### TASK GOAL
Please repeat the data below exactly, with the pictures removed.

### RECORDS FOR THE EXERCISE
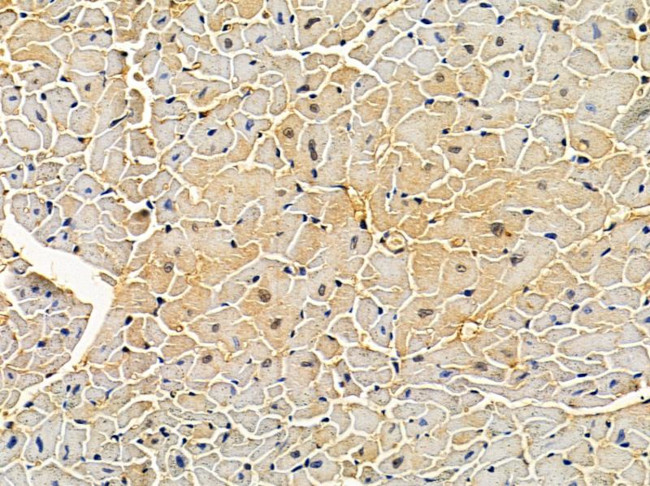 Dectin 1 Antibody in Immunohistochemistry (Paraffin) (IHC (P))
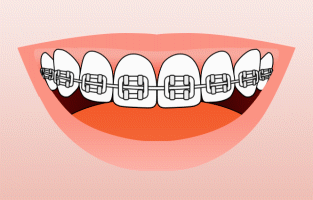 Freehold Orthodontics Brushing With Braces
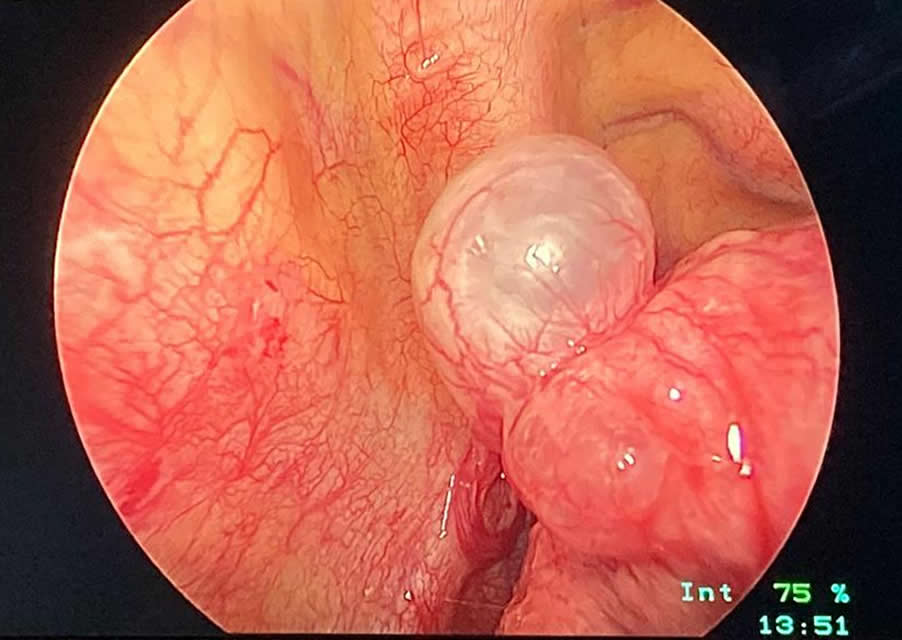 cirugía para bullas pulmonares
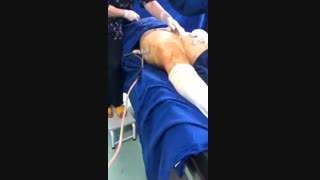 فیلم عمل لیفت ران توسط دکتر افسانه ثنایی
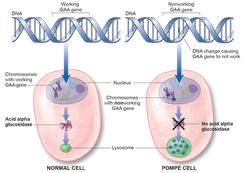 Pompe Syndrome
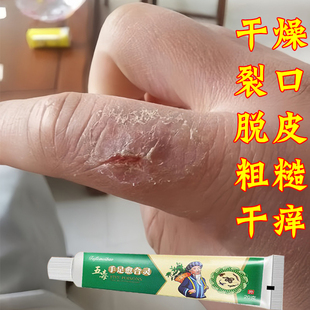 专冶手裂的药膏手裂开防干裂手指开裂脚裂脚后跟干裂手裂口子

### SOLVED PROBLEM
 Dectin 1 Antibody in Immunohistochemistry (Paraffin) (IHC (P))
 Freehold Orthodontics Brushing With Braces
 cirugía para bullas pulmonares
 فیلم عمل لیفت ران توسط دکتر افسانه ثنایی
 Pompe Syndrome
 专冶手裂的药膏手裂开防干裂手指开裂脚裂脚后跟干裂手裂口子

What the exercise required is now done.